And a straw man in the back calls out: "But that means I'm typing 'Person' all over the place!" (An issue closely related to problem #3 from the earlier list.) To which my response is: Yes. Get over it, and configure your tools to help. Seriously. In today's world, our editors are very configurable with templates and triggers and macros and such, and to my mind the value (in a project of any size) of knowing what you're dealing with outweighs a bit of extra typing.

"But what about download size?!" someone who works on web apps calls out. And it's true, for the toString function we're saying "toString" three times instead of once, and "Person" twice (in relation to toString). Similarly, we've said "getFullName" two "extra" times (and there are its two "Person"s as well). In all, there's a fair bit of repetition in that solution.

Well, there is, but I very much doubt your final script's download size will be significantly impacted. Here's why: The names you use in this context are (I assert) a very small part of your overall script. Remember that when you call these functions, you do so through the (shorter) property name. Most of your script is probably logic. It's true we want to keep functions as small as feasible (more smaller functions is better than fewer larger functions, for maintenance and readability reasons), but my take is that this is really only needed for public functions on instances, not the private functions used for implementation of an instance.

"Private functions?" Yeah! Because having the scoping function makes it really easy to have private object functions. I've written about that aspect in some detail before, but just briefly:
function Person(fname, lname) {
this.firstName = fname;
this.lastName = lname;
}
(function() {
function buildFullName(fname, lname) {
return fname + " " + lname;
}
function Person_getFullName() {
return buildFullName(this.firstName, this.lastName);
}
function Person_toString() {
return this.getFullName();
}
Person.prototype = {
getFullName: Person_getFullName,
toString: Person_toString
};
})();
The buildFullName function is completely private, only the other functions in that scoping function have access to it. The way I called it there, it doesn't have access to the instance's properties, but you can either use it as an object-wide (rather than instance-wide) function (what we'd call a class function in class-based programming), or you can call it differently and it's a truly private instance function:
function Person(fname, lname) {
this.firstName = fname;
this.lastName = lname;
}
(function() {
function buildFullName() {
return this.firstName + " " + this.lastName;
}
function Person_getFullName() {
return buildFullName.call(this);
}
function Person_toString() {
return this.getFullName();
}
Person.prototype = {
getFullName: Person_getFullName,
toString: Person_toString
};
})();
(Note how Person_getFullName now uses call to call it.)

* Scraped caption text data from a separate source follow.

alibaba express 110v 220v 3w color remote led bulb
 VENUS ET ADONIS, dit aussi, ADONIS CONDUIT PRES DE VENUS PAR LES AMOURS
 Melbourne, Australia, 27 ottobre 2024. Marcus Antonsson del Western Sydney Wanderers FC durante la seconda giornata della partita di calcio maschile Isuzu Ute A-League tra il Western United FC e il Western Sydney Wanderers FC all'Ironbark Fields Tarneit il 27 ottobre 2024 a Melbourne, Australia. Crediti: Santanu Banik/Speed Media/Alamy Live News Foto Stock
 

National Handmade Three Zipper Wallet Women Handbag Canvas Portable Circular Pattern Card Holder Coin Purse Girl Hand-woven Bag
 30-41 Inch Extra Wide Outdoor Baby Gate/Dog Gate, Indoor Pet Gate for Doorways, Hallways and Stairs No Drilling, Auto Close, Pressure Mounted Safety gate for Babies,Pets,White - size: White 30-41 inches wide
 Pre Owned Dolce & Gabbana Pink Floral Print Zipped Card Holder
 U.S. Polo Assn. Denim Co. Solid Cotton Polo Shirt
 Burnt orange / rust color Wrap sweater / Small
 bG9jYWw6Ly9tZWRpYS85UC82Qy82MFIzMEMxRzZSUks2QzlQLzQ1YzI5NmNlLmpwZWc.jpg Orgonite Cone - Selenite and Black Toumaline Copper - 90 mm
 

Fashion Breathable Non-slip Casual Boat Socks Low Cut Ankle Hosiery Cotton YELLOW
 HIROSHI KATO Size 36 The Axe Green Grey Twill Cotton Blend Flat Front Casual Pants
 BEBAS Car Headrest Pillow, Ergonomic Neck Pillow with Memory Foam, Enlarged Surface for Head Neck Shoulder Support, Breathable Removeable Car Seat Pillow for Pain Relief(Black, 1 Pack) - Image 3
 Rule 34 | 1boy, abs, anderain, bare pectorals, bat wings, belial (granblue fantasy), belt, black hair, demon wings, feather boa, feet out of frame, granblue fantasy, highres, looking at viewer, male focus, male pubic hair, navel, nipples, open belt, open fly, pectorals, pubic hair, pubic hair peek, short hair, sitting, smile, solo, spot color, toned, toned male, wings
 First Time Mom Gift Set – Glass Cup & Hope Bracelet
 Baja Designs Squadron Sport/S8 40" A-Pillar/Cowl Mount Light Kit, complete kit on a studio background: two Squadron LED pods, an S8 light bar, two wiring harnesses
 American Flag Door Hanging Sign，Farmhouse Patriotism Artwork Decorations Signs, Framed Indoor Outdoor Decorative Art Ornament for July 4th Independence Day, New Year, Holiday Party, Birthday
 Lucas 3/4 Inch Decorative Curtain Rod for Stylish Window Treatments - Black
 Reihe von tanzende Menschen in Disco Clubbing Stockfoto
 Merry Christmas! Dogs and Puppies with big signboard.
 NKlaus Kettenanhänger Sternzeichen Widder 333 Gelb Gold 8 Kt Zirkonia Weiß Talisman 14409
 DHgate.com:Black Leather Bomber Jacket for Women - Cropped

My compromise on the repetition thing is to be explicit in my public functions, but not to worry about it in private implementation functions — because I can easily tell what object is involved from the other calls on the stack (since they're private, they can only be called from the public ones). Since in most implementations the private functions will substantially outnumber the public ones, we end up with not too much impact (and a lot of debugging/maintenance gain).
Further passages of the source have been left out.